§ Work to complete
All lines up to and including the one that contains "Acne e sole: falsi miti da sfatare" are to be transcribed exactly, starting from the first line of the records.

(Saved data entries)
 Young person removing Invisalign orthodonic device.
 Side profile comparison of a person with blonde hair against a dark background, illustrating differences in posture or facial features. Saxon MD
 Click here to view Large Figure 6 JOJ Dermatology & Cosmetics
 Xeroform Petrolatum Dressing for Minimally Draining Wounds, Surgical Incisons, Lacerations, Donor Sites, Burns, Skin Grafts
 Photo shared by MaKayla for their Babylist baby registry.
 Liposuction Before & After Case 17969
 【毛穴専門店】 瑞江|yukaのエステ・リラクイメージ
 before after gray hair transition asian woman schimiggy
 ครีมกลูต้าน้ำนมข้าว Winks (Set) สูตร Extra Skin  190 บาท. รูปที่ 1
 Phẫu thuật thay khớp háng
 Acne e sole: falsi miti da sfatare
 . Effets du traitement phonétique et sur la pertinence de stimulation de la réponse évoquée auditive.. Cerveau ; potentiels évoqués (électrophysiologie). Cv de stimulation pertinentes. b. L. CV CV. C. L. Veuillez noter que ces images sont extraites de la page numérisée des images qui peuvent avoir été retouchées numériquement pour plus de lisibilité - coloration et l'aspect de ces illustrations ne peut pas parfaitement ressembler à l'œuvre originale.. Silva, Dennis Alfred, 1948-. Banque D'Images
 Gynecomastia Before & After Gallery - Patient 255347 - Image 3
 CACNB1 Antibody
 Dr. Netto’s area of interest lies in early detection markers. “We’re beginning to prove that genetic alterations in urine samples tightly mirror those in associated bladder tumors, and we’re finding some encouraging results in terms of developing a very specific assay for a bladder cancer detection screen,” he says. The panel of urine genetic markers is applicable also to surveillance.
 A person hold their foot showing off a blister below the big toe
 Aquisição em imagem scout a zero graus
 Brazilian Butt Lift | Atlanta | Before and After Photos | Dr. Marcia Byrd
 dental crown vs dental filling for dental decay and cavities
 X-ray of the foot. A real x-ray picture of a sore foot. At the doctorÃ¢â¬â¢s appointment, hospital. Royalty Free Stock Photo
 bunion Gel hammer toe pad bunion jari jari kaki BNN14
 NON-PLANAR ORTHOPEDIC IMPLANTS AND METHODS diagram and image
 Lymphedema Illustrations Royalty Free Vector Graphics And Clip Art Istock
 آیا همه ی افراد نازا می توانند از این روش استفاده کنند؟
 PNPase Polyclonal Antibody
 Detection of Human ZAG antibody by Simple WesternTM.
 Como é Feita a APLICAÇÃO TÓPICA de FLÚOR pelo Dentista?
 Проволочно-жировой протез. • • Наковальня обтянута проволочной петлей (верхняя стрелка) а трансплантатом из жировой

§ Written response
 Young person removing Invisalign orthodonic device.
 Side profile comparison of a person with blonde hair against a dark background, illustrating differences in posture or facial features. Saxon MD
 Click here to view Large Figure 6 JOJ Dermatology & Cosmetics
 Xeroform Petrolatum Dressing for Minimally Draining Wounds, Surgical Incisons, Lacerations, Donor Sites, Burns, Skin Grafts
 Photo shared by MaKayla for their Babylist baby registry.
 Liposuction Before & After Case 17969
 【毛穴専門店】 瑞江|yukaのエステ・リラクイメージ
 before after gray hair transition asian woman schimiggy
 ครีมกลูต้าน้ำนมข้าว Winks (Set) สูตร Extra Skin  190 บาท. รูปที่ 1
 Phẫu thuật thay khớp háng
 Acne e sole: falsi miti da sfatare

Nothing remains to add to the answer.